* Exercise *
In the entries below, which lines run from the one containing "Bolso pequeño con" to the one containing "Sango China Japan"? Copy exactly those lines, ends included, and no others.

* Task input *

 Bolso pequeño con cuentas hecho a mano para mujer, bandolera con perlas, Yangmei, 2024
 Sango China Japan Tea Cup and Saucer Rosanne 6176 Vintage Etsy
---
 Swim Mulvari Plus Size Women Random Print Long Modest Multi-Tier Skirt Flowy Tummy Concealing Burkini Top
---
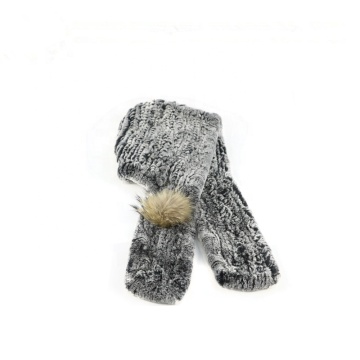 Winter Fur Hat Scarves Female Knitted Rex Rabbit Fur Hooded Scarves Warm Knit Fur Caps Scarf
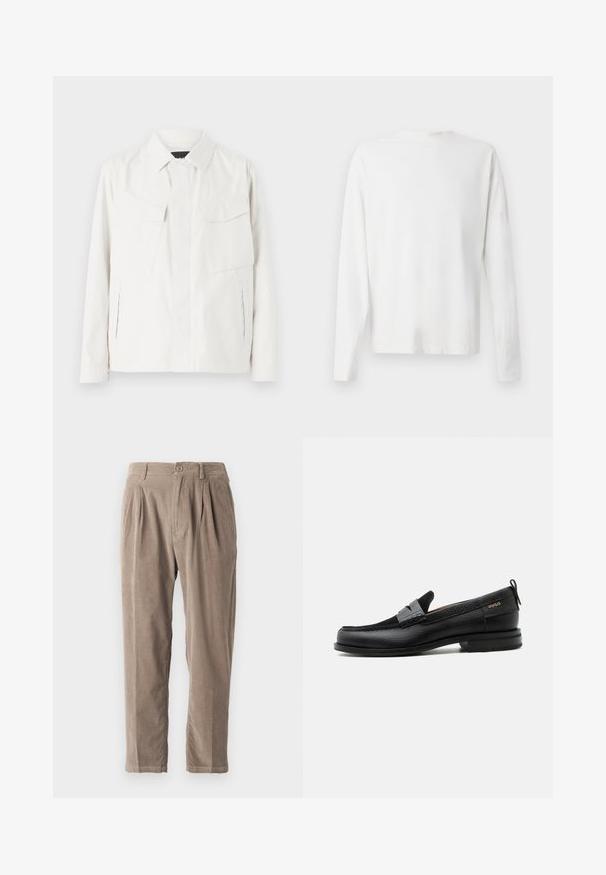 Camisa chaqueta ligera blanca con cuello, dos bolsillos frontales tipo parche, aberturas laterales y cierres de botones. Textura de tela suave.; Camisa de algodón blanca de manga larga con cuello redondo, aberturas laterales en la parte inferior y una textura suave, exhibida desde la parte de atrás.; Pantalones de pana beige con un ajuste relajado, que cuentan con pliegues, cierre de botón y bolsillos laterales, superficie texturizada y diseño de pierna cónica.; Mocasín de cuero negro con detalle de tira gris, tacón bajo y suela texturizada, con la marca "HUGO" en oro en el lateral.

* Exercise answer *
 Bolso pequeño con cuentas hecho a mano para mujer, bandolera con perlas, Yangmei, 2024
 Sango China Japan Tea Cup and Saucer Rosanne 6176 Vintage Etsy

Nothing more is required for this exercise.